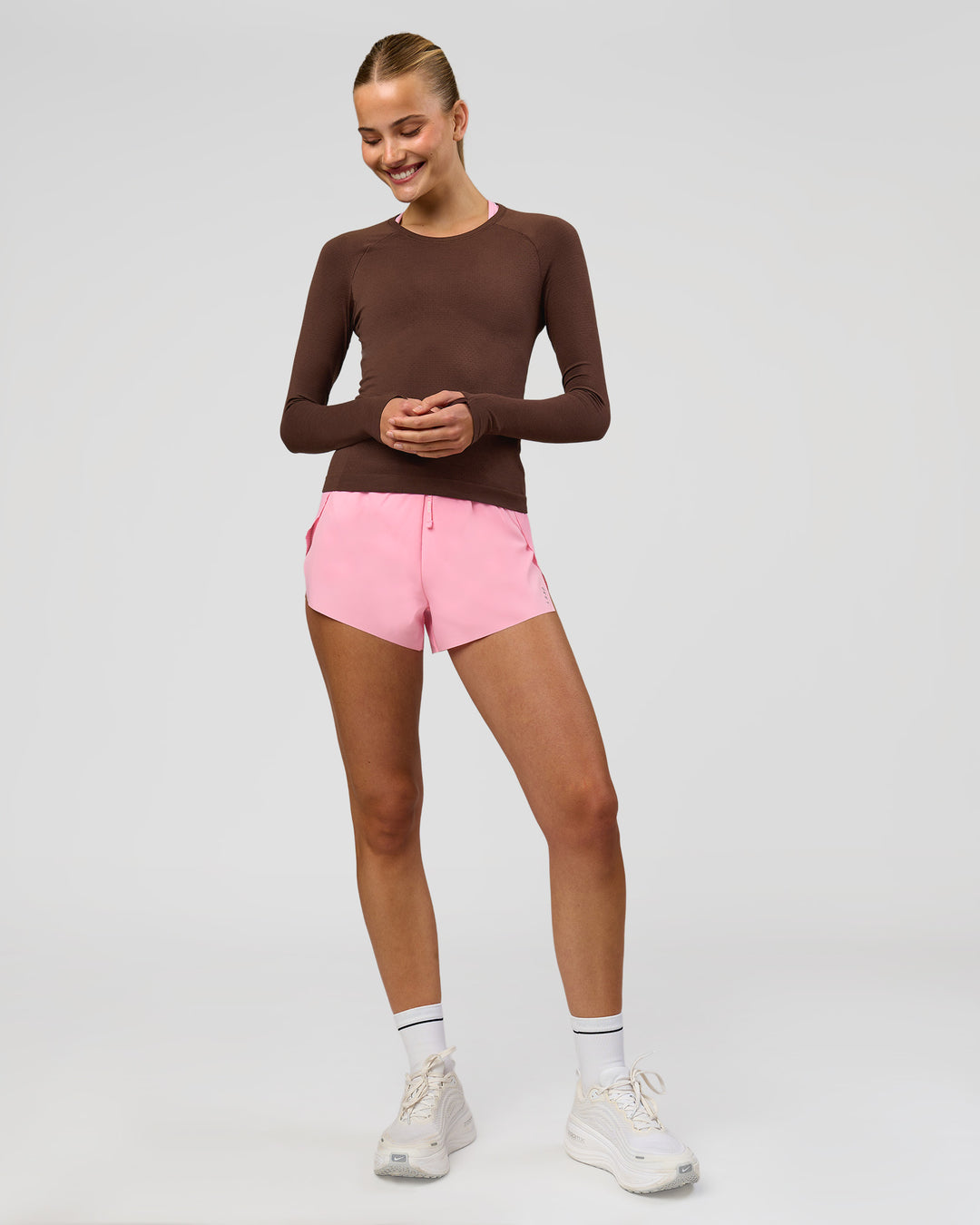 Woman wearing AeroFLX+ Seamless Long Sleeve Tee - Hot Chocolate/Hot Chocolate | Model:Taneisha | Size:XS - view 5
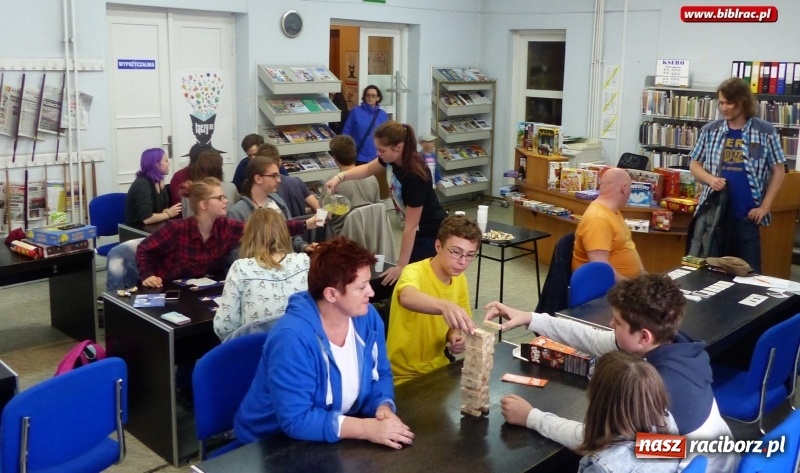 Zdjęcie w galerii na portalu naszraciborz.pl: Klub Gier Planszowych po raz dziewiąty w raciborskiej bibliotece wiadomości z regionu
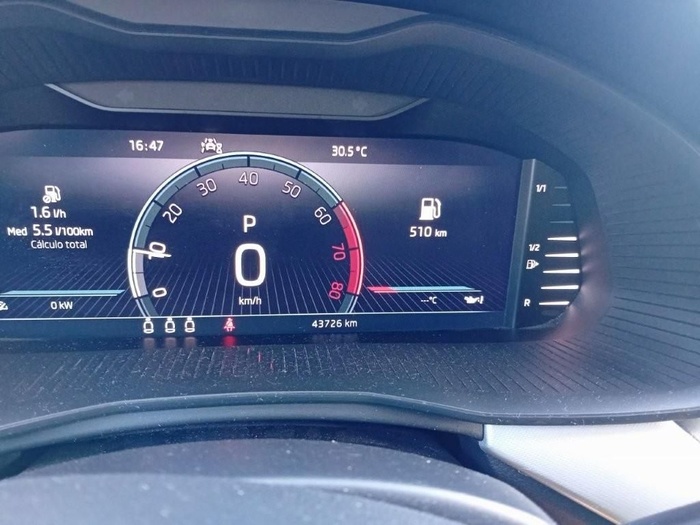 Skoda Kamiq 1.0 TSI Emotion DSG 81 kW (110 CV) Vehículo usado en Madrid Skoda Kamiq 1.0 TSI Emotion DSG 81 kW (110 CV) Vehículo usado en Madrid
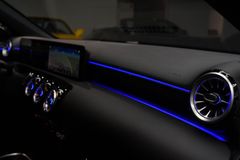 MERCEDES-BENZ A 200 d Limousine 4Matic*CAM*AMBIENTE*PANO*SOUND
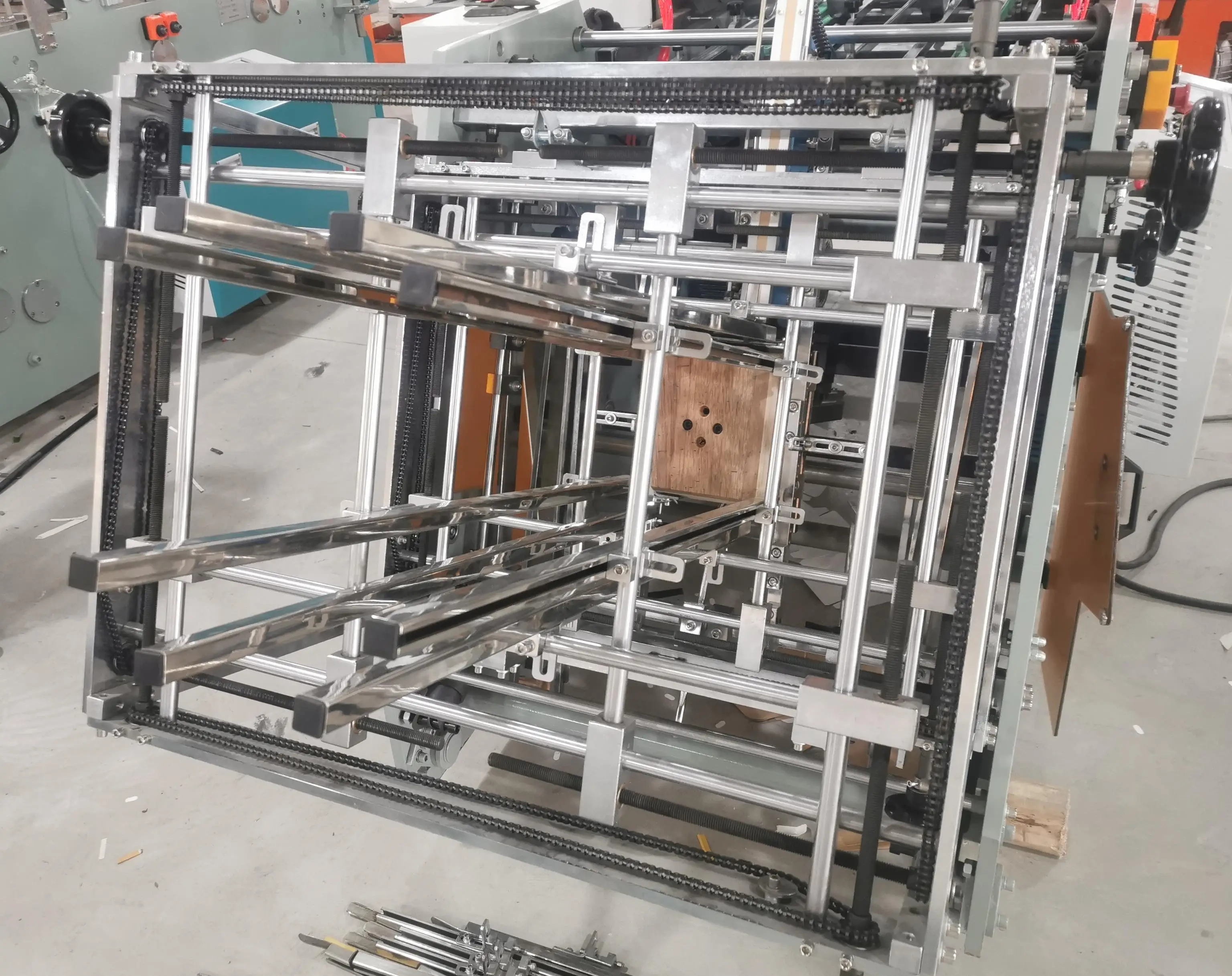 Машина для изготовления ланч-боксов, небольшая машина для формовки упаковочных бумажных коробок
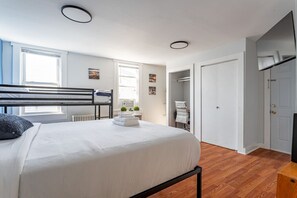 2 bedrooms, desk, iron/ironing board, travel cot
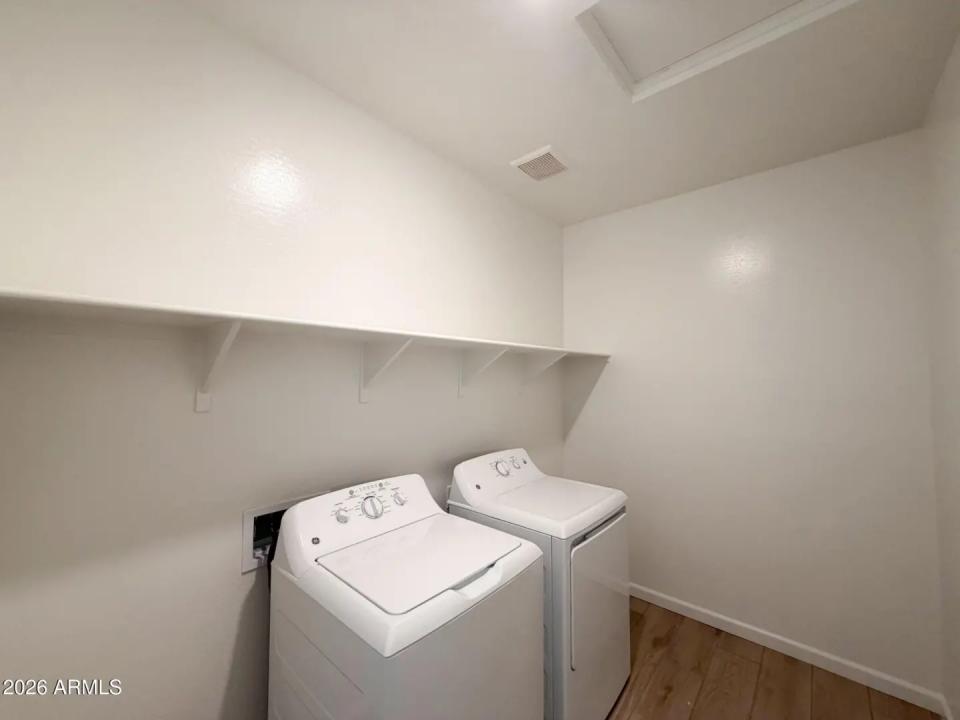 Real Estate Picture 12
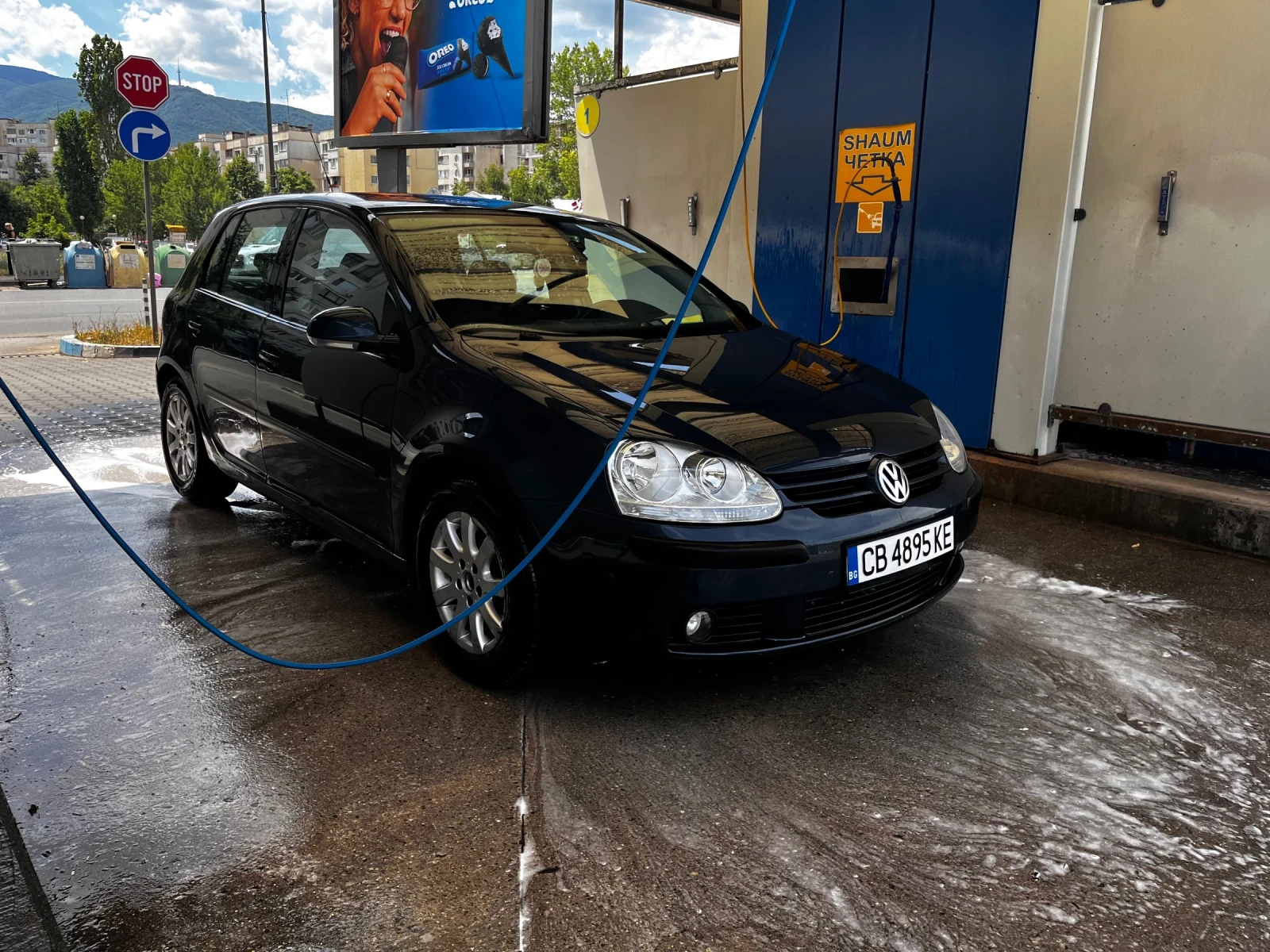 VW Golf 1, 6 FSI, снимка 12 - Автомобили и джипове - 56451441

◆ ◆ ◆

• [EXERCISE GOAL] Find the line that contains "2 bedrooms, desk, iron/ironing" and repeat it, along with every line after it to the end of the data, exactly; drop the pictures.

• [RESULT FOR THIS TASK]
 2 bedrooms, desk, iron/ironing board, travel cot
 Real Estate Picture 12
 VW Golf 1, 6 FSI, снимка 12 - Автомобили и джипове - 56451441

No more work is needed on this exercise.